Following Lebanon’s Prime Minister Saad Harir’si resignation on Tuesday, at the end of two weeks of sometimes violent protests, President Michel Aoun asked him to continue leading a caretaker government.
“Lebanon will now have an honest government,” Aoun said, and told the protesters they could always go out to the streets again if this new, honest government, fails to deliver the reforms the country needs so badly.
According to Reuters, Hariri wished to form a cabinet made up of technocrats who would be able to implement the necessary reforms to prevent Lebanon’s economic collapse – without political constraints and the eternal conflicts among the various factions, most notably Hezbollah.

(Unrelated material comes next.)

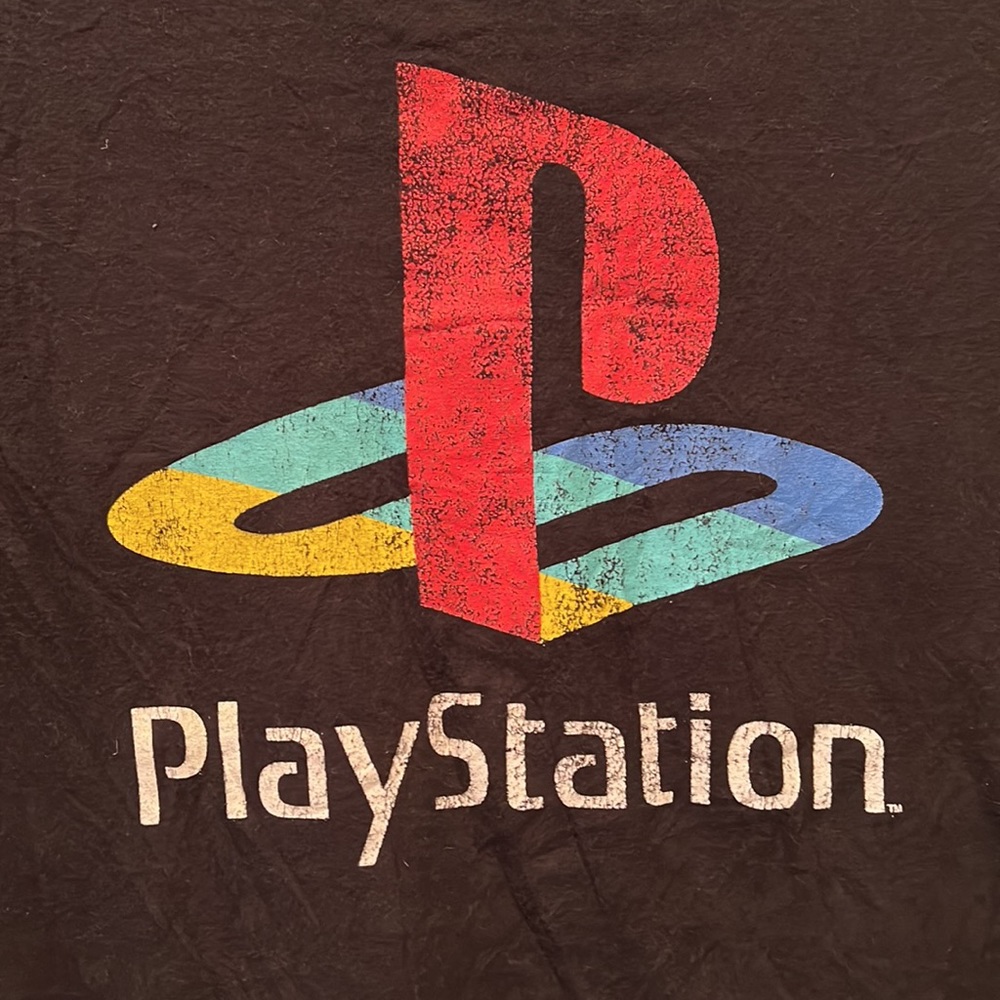 PLAYSTATION BLACK TEE - Picture 3 of 4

The protests followed power shortages, neglect of the infrastructure and high unemployment, as the Hariri government was attempting to do the impossible: show foreign donors it could make a dent in its national debt, which amounts to 150% of its gross national product.
Meanwhile, according to An-Nahar, Lebanese soldiers are reopening major roads that had been barricaded by protesters and paralyzed the country for two weeks. On Wednesday, the protesters looked on peacefully as bulldozers took down barriers and tents set up in the middle of highways and major intersections, An-Nahar reported.
But according to Naharnet, Mass anti-corruption demonstrations continued Wednesday in the northern city of Tripoli and the southern city of Sidon. The protesters called for the mass resignation of the president, the speaker of parliament and all the MPs. They also placed new barricades on the roads. The Lebanese Red Cross reported that three people were injured in a clash with the army in Sidon. The army fired tear gas to disperse protesters blocking the road in the town of al-Abdeh. And protesters blocked the international highway coming out of Tripoli.
Lebanese banks, which had been shuttered during the protests, plan to resume some operations on Friday. They brace themselves for an unavoidable run on the bank branches, and so have decided to keep capital markets closed.